- Author: Kathy Keatley Garvey
The larvae and pupae of the Asian giant hornet taste like French fries.
So says UC Davis-trained entomologist Matan Shelomi, assistant professor of entomology at the National Taiwan University in Taipei, Taiwan, whose course on “Edible Insects” is the largest in his department.
Shelomi, a graduate of Harvard University, holds a doctorate in entomology from UC Davis, where he studied with major professor Lynn Kimsey, who directs the Bohart Museum of Entomology and serves as a professor of entomology in the Department of Entomology and Nematology.
Shelomi recently posted an intriguing comment on the Facebook page, Is This a Murder Hornet?
“More like delicious hornet," he wrote.
Asian giant hornets, sensationally nicknamed “murder hornets” by non-entomologists, continue to grab front-page headlines.

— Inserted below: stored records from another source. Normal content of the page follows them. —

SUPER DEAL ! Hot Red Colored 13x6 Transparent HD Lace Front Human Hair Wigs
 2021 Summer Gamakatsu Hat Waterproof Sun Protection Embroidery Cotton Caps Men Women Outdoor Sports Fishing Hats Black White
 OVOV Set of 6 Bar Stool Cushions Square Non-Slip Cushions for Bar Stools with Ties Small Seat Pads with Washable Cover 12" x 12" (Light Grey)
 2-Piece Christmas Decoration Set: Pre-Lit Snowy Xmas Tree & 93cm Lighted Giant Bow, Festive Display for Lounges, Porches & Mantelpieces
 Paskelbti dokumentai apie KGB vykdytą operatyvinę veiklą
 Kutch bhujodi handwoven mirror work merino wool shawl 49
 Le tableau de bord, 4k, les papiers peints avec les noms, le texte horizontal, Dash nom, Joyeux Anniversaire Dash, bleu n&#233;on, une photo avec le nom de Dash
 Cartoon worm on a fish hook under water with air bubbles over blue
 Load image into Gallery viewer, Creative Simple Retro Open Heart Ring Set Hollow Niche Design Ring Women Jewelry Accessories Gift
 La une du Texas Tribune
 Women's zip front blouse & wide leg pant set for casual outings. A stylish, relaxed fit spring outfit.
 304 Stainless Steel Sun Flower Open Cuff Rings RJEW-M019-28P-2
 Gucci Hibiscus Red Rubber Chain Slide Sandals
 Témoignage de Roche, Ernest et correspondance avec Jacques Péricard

The first colony detected (and eradicated) in North America occurred last September on Vancouver Island, British Columbia. Then a single a dead one was found in Blaine, Wash., in December.
The world's largest hornets (they can measure approximately 2 inches in length), they attack and kill honey bees and feed the remains to their young. They can decimate a hive. Thus, beekeepers worry that AGH will invade North America, become established, and cripple the apiculture industry. The Washington State Department of Agriculture and Washington State University Extension are asking residents to keep a lookout for them and report any sightings. (See WSU Extension Fact Sheet.)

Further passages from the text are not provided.